Das Buch umfasst 400 Seiten Lesetext, der aber in verdauliche Häppchen gegliedert ist. In fünf annähernd chronologisch aufeinanderfolgenden Hauptkapiteln behandelt Kindler die Entwicklung vom Beginn des russländischen Ausgreifens in den Nordpazifik in der ersten Hälfte des 18. Jahrhunderts bis ins Jahr 2020, wobei der Schwerpunkt der Darstellung auf der Zeit zwischen 1867 und den 1930er-Jahren liegt. Da die Schauplätze der Erzählung ständig wechseln, werden beim Lesen immer wieder neue Perspektiven eröffnet. So lernen wir die Lebensbedingungen der Aleut:innen kennen, die in der ersten Hälfte des 18. Jahrhunderts auf den Kommandeurinseln angesiedelt wurden, um dort Robben zu töten. Phasenweise genossen sie als unentbehrliche Spezialisten einen bescheidenen Wohlstand, doch meistens lebten sie unter mehr oder weniger elenden Umständen. Immer aber waren sie kolonialer Geringschätzung, imperialem Misstrauen und einem strikten Disziplinarregime unterworfen. Mehrfach vergleicht Kindler die Kommandeurinseln mit den Alaska vorgelagerten Pribilof-Inseln, die 1867 vom Zarenreich an die USA abgegeben worden waren. Die Amerikaner wählten zeitweise andere – und, wie Kindler argumentiert, oft erfolgreichere – Wege zur Verwaltung und Ausbeutung ihrer Inseln. Ein weiterer Schauplatz des Buchs ist das offene Meer. Stets an der Grenze der Legalität agierend, versuchten hier amerikanische, kanadische und japanische Robbenfänger von Schiffen aus ihr Glück bei der Robbenjagd. In der Hoffnung auf einen großen Fang setzten die Jäger ihr Leben aufs Spiel, einige wurden dafür als Volkshelden verehrt. Das Buch gibt darüber hinaus Einblicke in die Verwaltungsstuben auf Kamtschatka und in Wladiwostok, wo man sich um die Gewinne aus dem Fellhandel und um das Prestige des Imperiums sorgte, aber bestenfalls eine rudimentäre Präsenz in der Region sicherstellen konnte. Die Regierung in St. Petersburg und später in Moskau wiederum hatte oft nur eine vage Vorstellung von den Zuständen am Nordpazifik und war meist deutlich schlechter informiert als die Pelzhändler in San Francisco, von denen die Inseln wirtschaftlich abhängig waren. Neben den Bekleidungsmessen in Leipzig und London, wo die Nachfrage nach Robbenpelzen stets zu wachsen schien, bilden die diplomatischen Verhandlungen, auf denen internationale Abkommen zum Schutz der Robben geschlossen werden sollten, weitere Orte des Geschehens.

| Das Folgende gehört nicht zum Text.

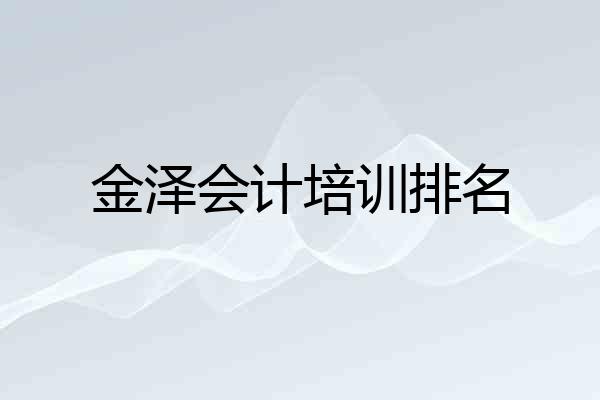 金泽会计培训排名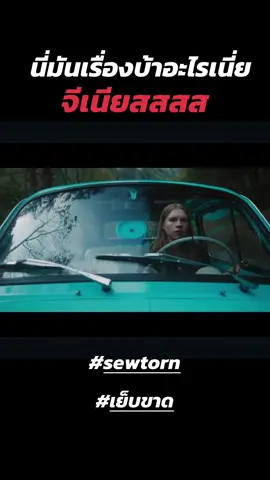 สายคำนวน #sewtorn #เย็บขาด #หนังน่าดู #หนังแนะนำ #หนังใหม่2025@เรนีร่า @เรนีร่า @เรนีร่า 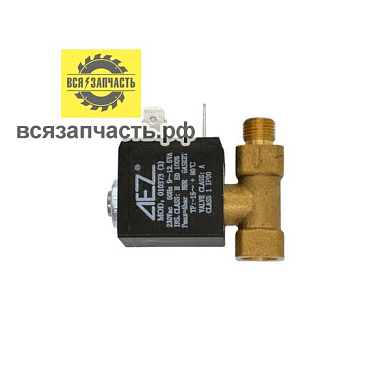 Электроклапан для газовых пушек,бытового газового оборудования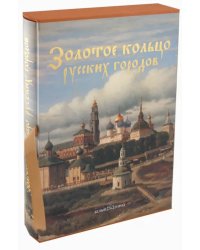 Золотое кольцо русских городов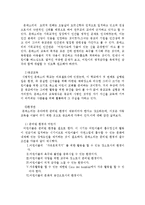 몬테소리의 유아교육-4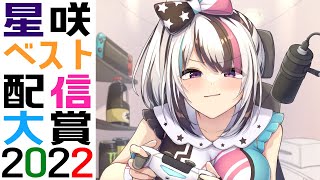 【特別企画】2022年を振り返ってみんなの新年初笑いを搔っ攫いたい！「星咲ベスト配信大賞2022」【見切り発車系Vtuber/星咲みあ】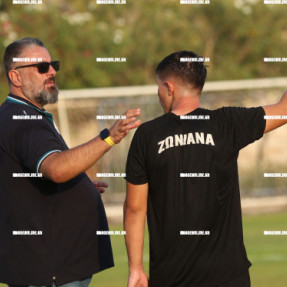ΗΡΟΔΟΤΟΣ ΖΩΝΙΑΝΑ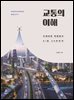교통의 이해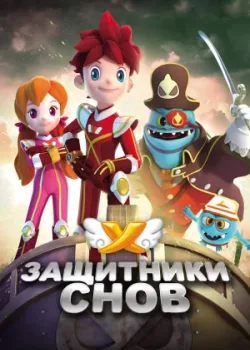 Защитники снов 2016 52 серия
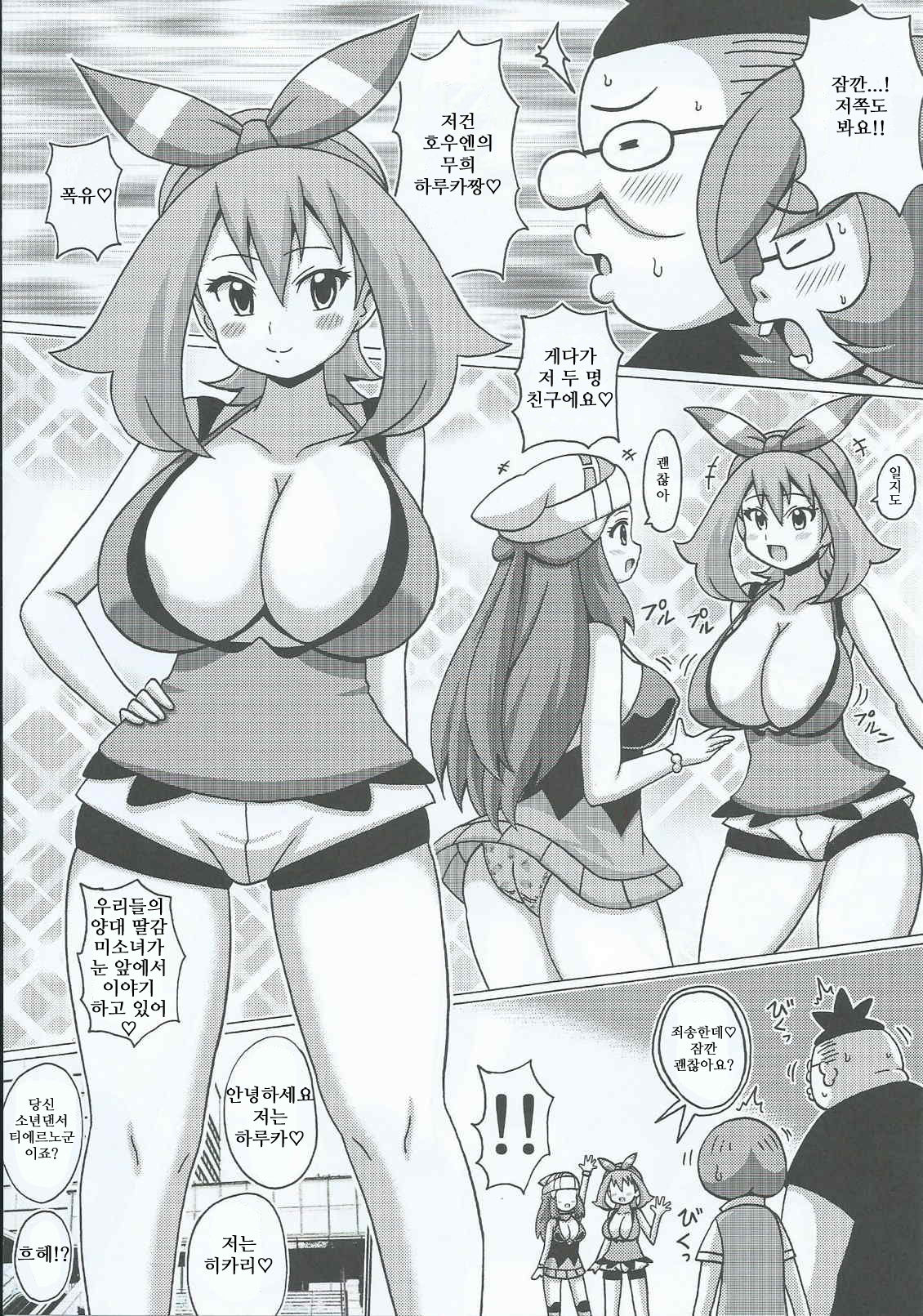 Hikari to Haruka no Hon | 히카리와 하루카의 책 page 4 full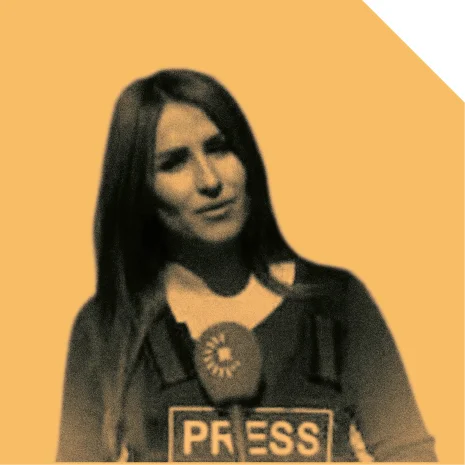Şîfa Gerdî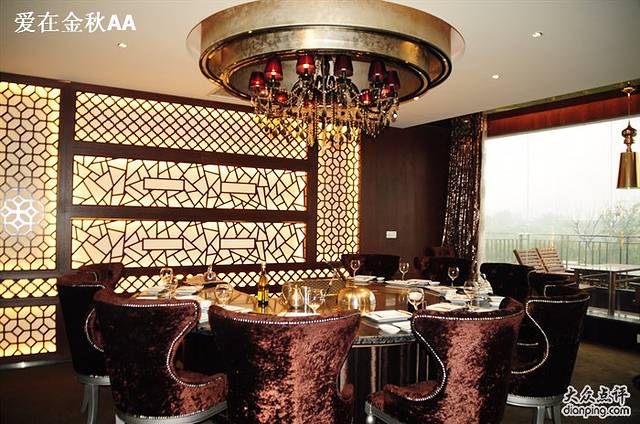 三木铁板烧(明湖路店)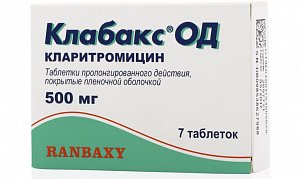 Клабакс ОД таблетки пролонгированного действия покрытые пленочной оболочкой 500 мг 7 шт.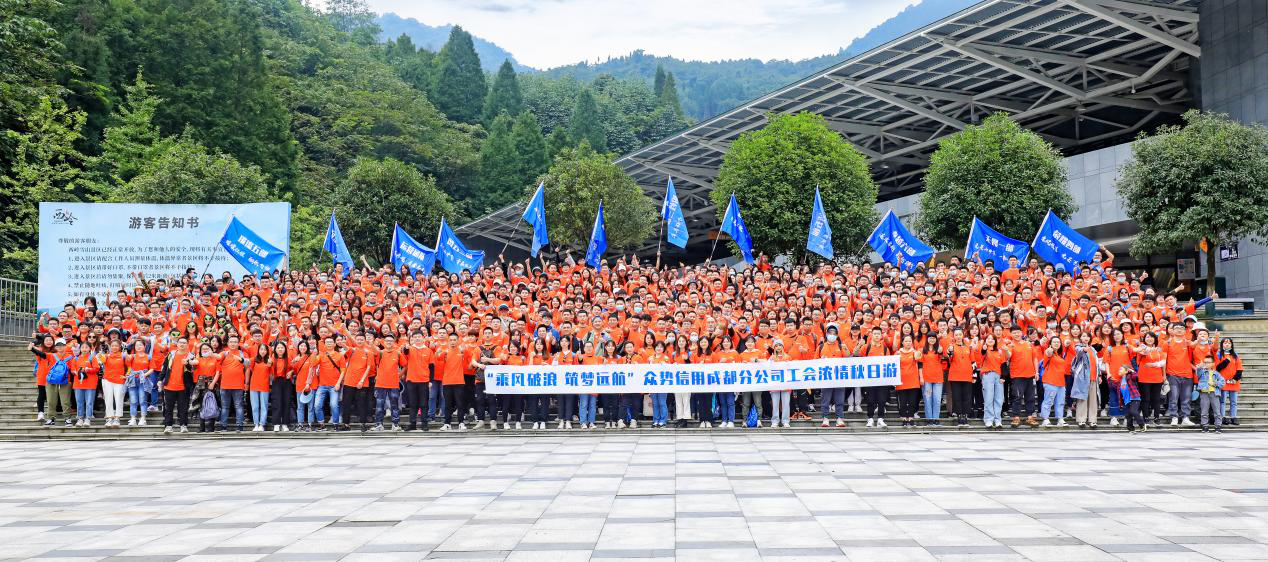 中标两家公司旅游团建业务！天府行旅游单日出游首次突破千人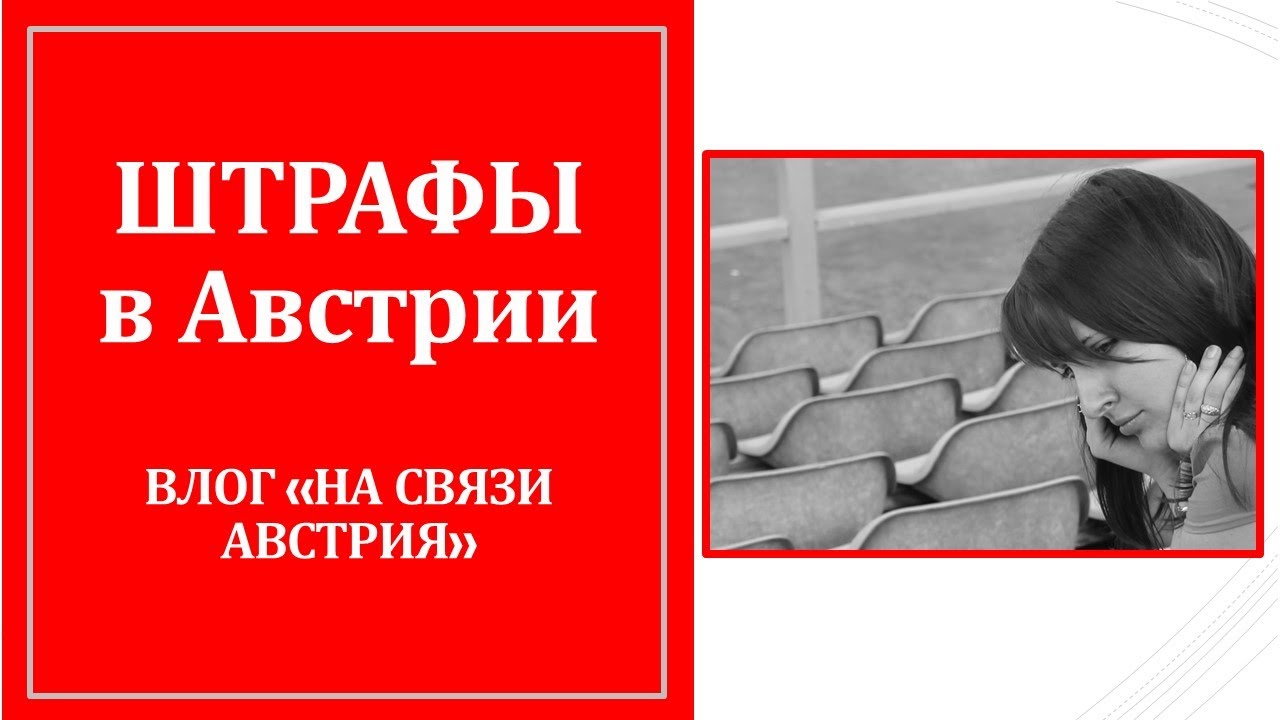 Штрафы в Австрии. Автомобильные и не только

Die kaleidoskopartige Zusammenschau verschiedener Handlungsstränge ermöglicht eine Vielzahl überraschender Einblicke, erschwert aber an manchen Stellen den Blick auf chronologische Entwicklungen und größere Zusammenhänge. Immer wieder werden für das Verständnis einzelner Episoden notwendige Hintergrundinformationen erst später gebracht. So braucht es mehr als 200 Seiten, bis Kindler die dramatische Abnahme des Robbenbestandes zwischen 1880 und 1910 beschreibt (S. 211), obwohl diese Informationen schon mehrfach zuvor notwendig gewesen wären. Manch Erzählstrang versandet auch unfertig, so etwa die Episode zu Alexander McLean, einem legendären US-amerikanischen Robbenfänger (S. 179–183), oder die Frage, ob die Sowjetunion als Nachfolgerin des Zarenreichs die Fur Seal Convention anerkennen würde (S. 370f.).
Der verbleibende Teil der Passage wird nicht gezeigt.